> _WHAT NEEDS TO BE DONE_
Set down without change every line from the line that contains "Pink organza lace maxi dress" through the end of the listing, and only those lines. No pictures.

> _RECORDED INFORMATION_
━━━━━━━━━━
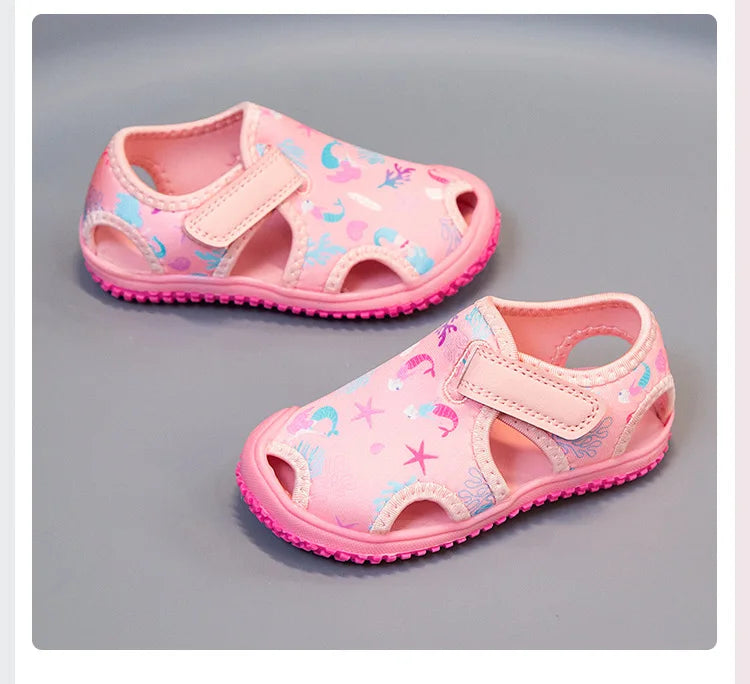 Kids'Sandals Canvas Prehobbler Baby Summer Beach Shoes Printing For Children Breathable Anti-slip Purple Blue Shoes Size 21-31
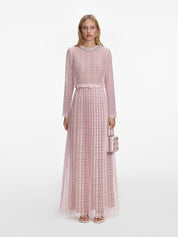 Pink organza lace maxi dress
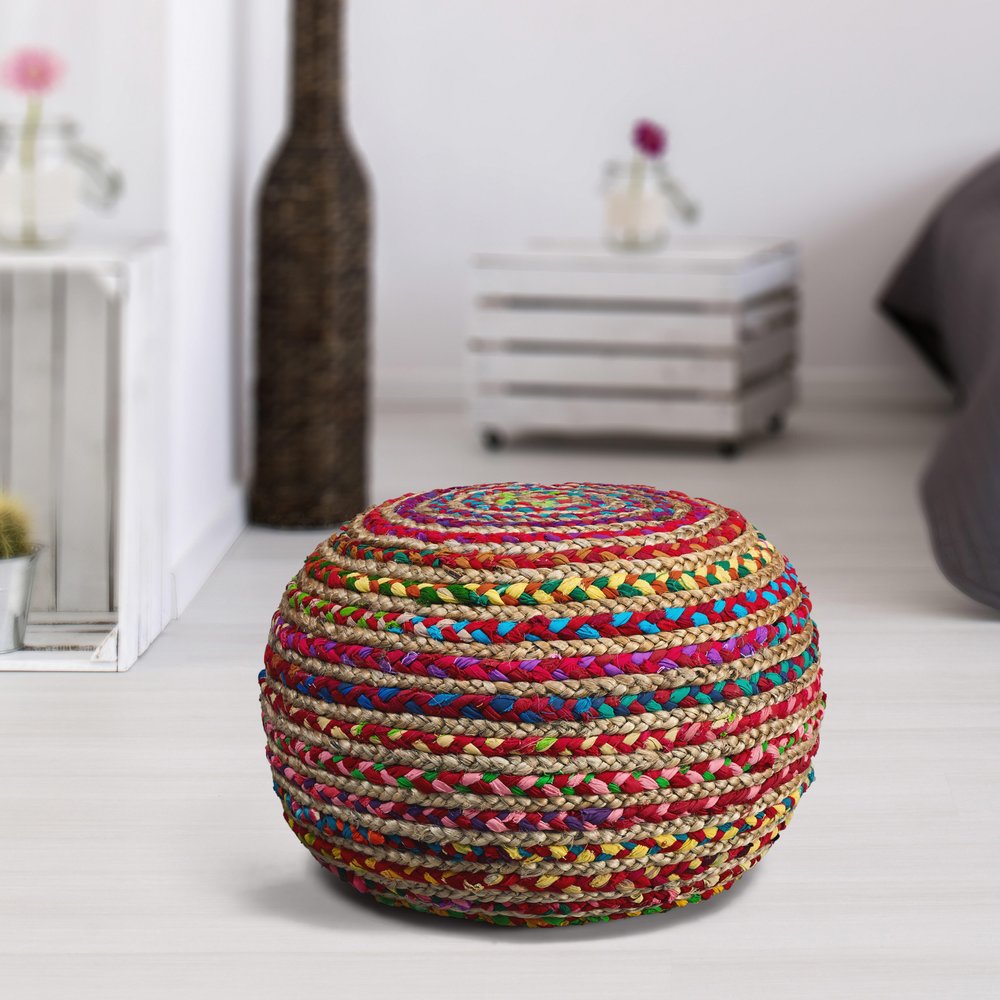 20" Gray Cotton Blend Round Striped Pouf Ottoman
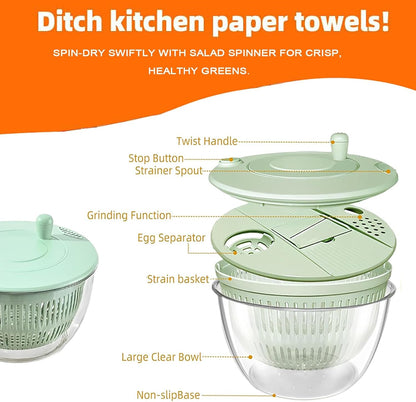 Salad Spinner & Veg Grater Set, Large Bowl, Slicer & Shredder, Manual Kitchen Gadget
━━━━━━━━━━
> _RESPONSE BELOW_
 Pink organza lace maxi dress
 20" Gray Cotton Blend Round Striped Pouf Ottoman
 Salad Spinner & Veg Grater Set, Large Bowl, Slicer & Shredder, Manual Kitchen Gadget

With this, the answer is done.